The Giver by Lois Lowry | Rating: ★★★★☆
“The worst part of holding the memories is not the pain. It’s the loneliness of it. Memories need to be shared.”
Revised review. It’s safe to say that The Giver has been part of many of our childhoods. Whether you read this on your own growing up or in school, it’s likely that you’ve had contact with this book for many years. It holds the standard for what most young adult dystopian novels have to live up to and has certainly inspired many with the sudden rush of emotion in an emotionless world.
I’ve seen many recent complaints over the shortness of the novel or the lack of descriptions so I feel that I need to remind everyone that this is, technically, a children’s novel. I can’t believe I have to remind everyone that this is targeted primarily at the youngest level of young adults but I guess I do. So there’s that. Are we clear now?
Right, back to the review. The Giver has aged rather well through the years and I still enjoy it even now in my early 20s, like I did growing up. It’s short. It’s got heart. It’s got something that makes it easy in lasting in pop culture. And I’m never going to say that it’s the best young adult dystopian novel, but it is popular and import for a reason.
I think it shows value in human emotion as well as uniqueness. It reminds us that while emotions can be stressful and hard to work with, they are what gives us color and allows us to stand out. We see the importance of family and friends and watch as young Jonas comes to grips with the fact that this society he lives in just isn’t right. And you hope and hope that something changes or that he can get out.

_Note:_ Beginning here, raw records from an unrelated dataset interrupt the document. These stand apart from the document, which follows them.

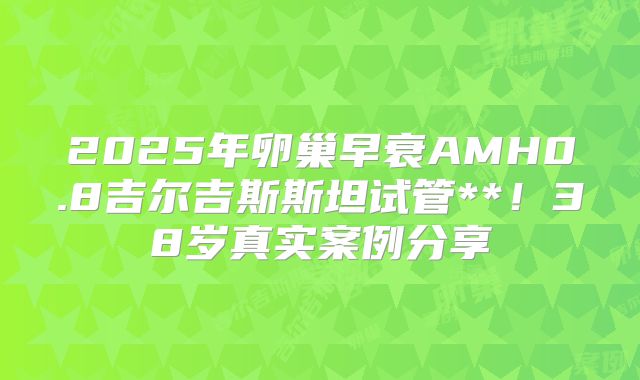 2025年卵巢早衰AMH0.8吉尔吉斯斯坦试管**！38岁真实案例分享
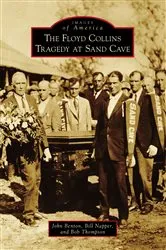 Book cover of The Floyd Collins Tragedy at Sand Cave by John Benton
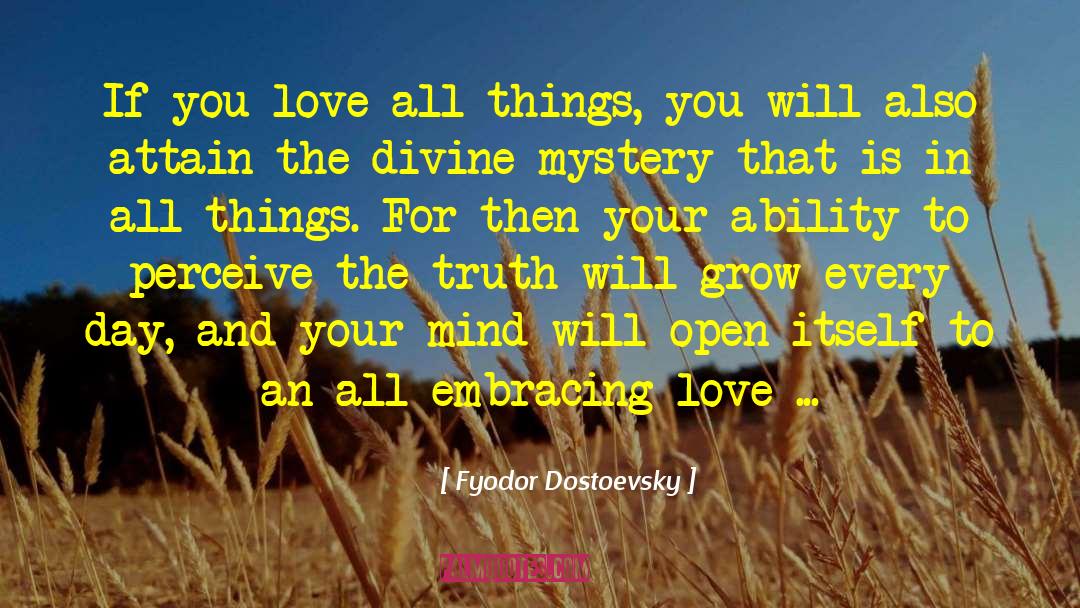 Embracing Love quotes by Fyodor Dostoevsky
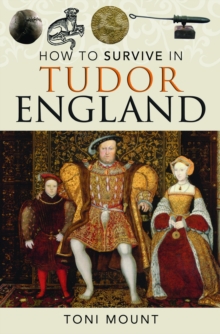 HOW TO SURVIVE IN TUDOR ENGLAND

As you start the novel, you become familiar with the way their society lives. You, as a reader looking in, get a glimpse at the flaws in their plans as well as the perks beyond it. It’s told simply and gives us an understanding. Eventually, Jonas goes from like everyone else — in black and white — to something beyond that… something more like us. And it’s such a fascinating and captivating growth process.

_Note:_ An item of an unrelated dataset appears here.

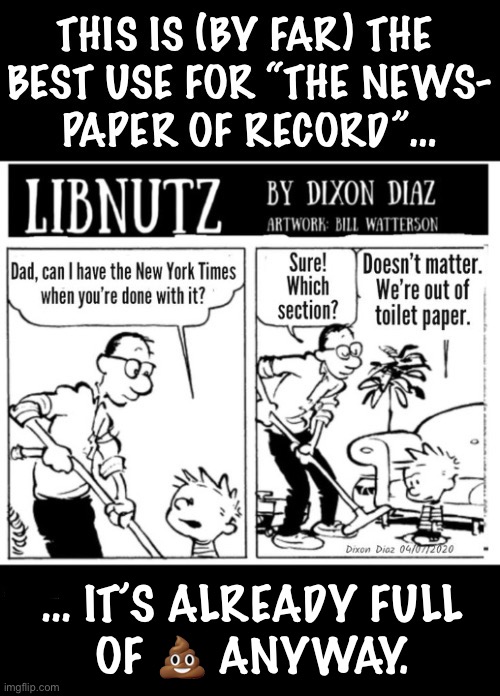 It’s not worth the paper that it’s printed on… | … IT’S ALREADY FULL 
OF 💩 ANYWAY. | image tagged in political meme,libnutz,ny times,toilet paper,calvin and hobbes | made w/ Imgflip meme maker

You see him fall in love with colours and places and maybe even people. You see him begin to understand what a family bond actually feels like; what life should be like. And there’s something so special in seeing this unfold that you can’t explain it: it just makes you smile.
But you also see the bad. Jonas has lived a peaceful life and in their society, he doesn’t know of history. He learns that with the good — all the good he’s seen and felt — comes the bad. Wars, death, real pain — Jonas is thrust into this memories and it’s obvious that both he and The Giver share the very same common thought.
This isn’t right.
Bravery and love, I think, are the most important aspects of the story. Having bravery can mean many different things and I think Jonas is a perfect example of a brave kid. Especially for his age. I’m really glad we get to see him embrace the bravery and the love by stories end. I’m glad we get to see him leave this environment and ugh, I just think his story is so important.
It’s impossible to not see why this story has become a classic. And without it, I can’t see us having such an incredibly vast selection of dystopian fiction down the young adult section.
The Giver sets stage for all these stories and sometimes, you can see the parallels. Although it isn’t long, it hits all the right notes and stays painted in our memories — surely, this story will continue to last through the generations and touch as many hearts as possible.